From the data below, retype exactly the lines starting with the one that contains "2頭の馬がフェンスの柱を噛む ポストカード (正面/裏面)" and ending with the one that contains "Apartamento doble Económica", both included.

__Information supplied__
________________

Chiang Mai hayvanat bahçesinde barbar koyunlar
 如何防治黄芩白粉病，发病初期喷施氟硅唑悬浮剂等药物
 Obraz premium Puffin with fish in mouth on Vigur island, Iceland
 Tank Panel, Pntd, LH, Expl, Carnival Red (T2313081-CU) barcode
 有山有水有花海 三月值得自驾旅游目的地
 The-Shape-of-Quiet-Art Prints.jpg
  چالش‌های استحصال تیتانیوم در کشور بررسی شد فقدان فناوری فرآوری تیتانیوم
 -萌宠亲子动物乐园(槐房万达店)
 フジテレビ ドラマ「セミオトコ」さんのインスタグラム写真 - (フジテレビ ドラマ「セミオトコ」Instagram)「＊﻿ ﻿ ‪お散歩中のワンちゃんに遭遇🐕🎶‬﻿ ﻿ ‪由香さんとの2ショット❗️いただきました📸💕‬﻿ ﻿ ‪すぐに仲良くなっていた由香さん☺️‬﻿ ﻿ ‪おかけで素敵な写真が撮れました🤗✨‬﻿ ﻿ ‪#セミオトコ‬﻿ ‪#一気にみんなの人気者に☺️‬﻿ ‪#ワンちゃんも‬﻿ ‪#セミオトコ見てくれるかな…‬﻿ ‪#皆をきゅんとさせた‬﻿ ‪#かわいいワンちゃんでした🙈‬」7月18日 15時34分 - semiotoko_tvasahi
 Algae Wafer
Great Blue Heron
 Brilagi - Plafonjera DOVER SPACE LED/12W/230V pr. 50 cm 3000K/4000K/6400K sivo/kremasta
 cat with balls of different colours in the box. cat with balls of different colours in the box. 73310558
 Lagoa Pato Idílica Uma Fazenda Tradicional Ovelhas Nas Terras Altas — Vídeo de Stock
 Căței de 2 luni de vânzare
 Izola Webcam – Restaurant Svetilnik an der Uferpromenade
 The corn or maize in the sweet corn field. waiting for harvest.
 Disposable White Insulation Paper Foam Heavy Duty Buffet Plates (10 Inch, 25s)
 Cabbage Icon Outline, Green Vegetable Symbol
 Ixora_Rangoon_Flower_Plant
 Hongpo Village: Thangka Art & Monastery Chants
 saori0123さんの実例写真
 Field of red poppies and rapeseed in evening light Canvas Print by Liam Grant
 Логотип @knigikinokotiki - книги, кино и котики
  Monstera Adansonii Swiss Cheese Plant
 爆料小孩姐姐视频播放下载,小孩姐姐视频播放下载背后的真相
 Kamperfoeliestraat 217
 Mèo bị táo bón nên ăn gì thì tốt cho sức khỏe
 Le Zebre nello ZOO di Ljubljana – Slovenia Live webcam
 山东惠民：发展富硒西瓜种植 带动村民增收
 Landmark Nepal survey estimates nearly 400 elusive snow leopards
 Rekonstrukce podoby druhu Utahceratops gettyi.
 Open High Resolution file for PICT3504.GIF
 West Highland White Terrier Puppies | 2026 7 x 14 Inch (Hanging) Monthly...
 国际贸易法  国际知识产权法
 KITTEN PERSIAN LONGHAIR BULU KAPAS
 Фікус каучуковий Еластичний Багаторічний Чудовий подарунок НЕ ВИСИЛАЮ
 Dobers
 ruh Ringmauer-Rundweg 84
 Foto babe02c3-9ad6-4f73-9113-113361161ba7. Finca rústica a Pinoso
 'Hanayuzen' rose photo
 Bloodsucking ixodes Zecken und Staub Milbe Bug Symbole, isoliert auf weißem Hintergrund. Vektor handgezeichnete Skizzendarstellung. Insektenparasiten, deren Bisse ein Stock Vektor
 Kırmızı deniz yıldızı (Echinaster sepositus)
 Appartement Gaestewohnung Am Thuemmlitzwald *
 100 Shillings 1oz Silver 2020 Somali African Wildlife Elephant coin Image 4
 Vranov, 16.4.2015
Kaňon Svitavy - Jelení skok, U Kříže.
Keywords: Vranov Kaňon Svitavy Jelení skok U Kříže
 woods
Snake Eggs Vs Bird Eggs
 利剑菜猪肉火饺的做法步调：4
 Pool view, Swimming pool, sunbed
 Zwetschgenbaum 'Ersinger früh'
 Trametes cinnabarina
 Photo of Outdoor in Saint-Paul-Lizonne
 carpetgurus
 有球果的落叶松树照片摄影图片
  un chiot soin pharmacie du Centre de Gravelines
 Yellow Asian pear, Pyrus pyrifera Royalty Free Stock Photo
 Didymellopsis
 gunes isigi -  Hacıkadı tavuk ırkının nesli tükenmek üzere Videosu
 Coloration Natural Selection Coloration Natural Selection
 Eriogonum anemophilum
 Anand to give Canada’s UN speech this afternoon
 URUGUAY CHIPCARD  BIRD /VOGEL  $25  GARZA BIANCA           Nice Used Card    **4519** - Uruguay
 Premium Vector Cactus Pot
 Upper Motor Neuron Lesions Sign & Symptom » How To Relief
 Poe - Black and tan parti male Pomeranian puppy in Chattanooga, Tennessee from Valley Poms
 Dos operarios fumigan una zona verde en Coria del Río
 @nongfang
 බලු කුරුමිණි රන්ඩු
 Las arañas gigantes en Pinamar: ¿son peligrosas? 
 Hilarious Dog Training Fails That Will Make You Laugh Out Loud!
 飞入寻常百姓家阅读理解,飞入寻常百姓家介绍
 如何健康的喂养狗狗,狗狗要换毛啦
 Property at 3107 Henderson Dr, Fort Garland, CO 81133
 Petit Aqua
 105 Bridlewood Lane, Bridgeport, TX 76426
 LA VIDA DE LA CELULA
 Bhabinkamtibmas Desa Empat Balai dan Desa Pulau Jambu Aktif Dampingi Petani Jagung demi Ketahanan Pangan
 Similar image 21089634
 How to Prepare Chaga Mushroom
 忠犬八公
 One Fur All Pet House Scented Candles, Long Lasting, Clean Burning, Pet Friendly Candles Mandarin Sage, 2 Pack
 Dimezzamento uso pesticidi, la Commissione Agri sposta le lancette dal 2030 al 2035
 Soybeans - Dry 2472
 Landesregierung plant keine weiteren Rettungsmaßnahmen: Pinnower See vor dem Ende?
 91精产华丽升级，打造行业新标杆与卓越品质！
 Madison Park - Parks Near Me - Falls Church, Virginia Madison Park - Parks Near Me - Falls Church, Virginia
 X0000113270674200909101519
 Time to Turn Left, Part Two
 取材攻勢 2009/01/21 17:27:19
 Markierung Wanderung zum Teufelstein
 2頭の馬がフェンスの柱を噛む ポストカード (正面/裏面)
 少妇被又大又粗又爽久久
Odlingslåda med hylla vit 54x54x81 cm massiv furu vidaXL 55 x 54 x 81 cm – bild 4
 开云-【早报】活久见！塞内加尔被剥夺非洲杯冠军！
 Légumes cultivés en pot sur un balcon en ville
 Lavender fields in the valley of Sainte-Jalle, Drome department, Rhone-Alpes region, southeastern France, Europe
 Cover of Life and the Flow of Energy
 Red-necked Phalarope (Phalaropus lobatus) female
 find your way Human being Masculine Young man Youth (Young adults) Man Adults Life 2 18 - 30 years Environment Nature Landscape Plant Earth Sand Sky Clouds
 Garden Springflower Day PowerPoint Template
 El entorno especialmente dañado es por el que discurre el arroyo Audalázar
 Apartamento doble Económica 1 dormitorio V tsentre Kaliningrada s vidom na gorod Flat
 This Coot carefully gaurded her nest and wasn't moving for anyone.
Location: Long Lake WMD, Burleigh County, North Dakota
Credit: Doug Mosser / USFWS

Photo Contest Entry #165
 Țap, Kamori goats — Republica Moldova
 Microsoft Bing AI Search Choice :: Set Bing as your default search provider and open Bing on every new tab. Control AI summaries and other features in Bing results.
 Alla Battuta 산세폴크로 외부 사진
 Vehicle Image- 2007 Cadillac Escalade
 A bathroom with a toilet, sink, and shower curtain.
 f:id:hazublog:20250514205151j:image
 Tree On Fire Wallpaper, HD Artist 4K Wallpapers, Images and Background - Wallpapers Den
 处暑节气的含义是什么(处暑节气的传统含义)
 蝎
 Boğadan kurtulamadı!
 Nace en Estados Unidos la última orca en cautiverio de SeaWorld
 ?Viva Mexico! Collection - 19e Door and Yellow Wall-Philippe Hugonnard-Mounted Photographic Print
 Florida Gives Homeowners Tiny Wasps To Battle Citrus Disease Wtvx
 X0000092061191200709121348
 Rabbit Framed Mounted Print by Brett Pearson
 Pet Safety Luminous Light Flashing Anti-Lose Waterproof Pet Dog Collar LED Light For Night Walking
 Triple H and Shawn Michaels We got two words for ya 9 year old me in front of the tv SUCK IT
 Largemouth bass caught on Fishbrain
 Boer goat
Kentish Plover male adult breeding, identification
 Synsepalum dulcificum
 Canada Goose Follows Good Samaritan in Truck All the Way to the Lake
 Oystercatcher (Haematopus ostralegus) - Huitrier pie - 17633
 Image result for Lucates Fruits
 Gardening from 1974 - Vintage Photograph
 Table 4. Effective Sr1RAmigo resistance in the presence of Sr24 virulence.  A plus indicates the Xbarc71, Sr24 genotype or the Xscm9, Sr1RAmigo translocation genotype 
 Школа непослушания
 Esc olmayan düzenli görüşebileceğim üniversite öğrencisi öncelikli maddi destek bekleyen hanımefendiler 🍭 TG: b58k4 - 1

________________

__Exercise answer__
 2頭の馬がフェンスの柱を噛む ポストカード (正面/裏面)
 少妇被又大又粗又爽久久
Odlingslåda med hylla vit 54x54x81 cm massiv furu vidaXL 55 x 54 x 81 cm – bild 4
 开云-【早报】活久见！塞内加尔被剥夺非洲杯冠军！
 Légumes cultivés en pot sur un balcon en ville
 Lavender fields in the valley of Sainte-Jalle, Drome department, Rhone-Alpes region, southeastern France, Europe
 Cover of Life and the Flow of Energy
 Red-necked Phalarope (Phalaropus lobatus) female
 find your way Human being Masculine Young man Youth (Young adults) Man Adults Life 2 18 - 30 years Environment Nature Landscape Plant Earth Sand Sky Clouds
 Garden Springflower Day PowerPoint Template
 El entorno especialmente dañado es por el que discurre el arroyo Audalázar
 Apartamento doble Económica 1 dormitorio V tsentre Kaliningrada s vidom na gorod Flat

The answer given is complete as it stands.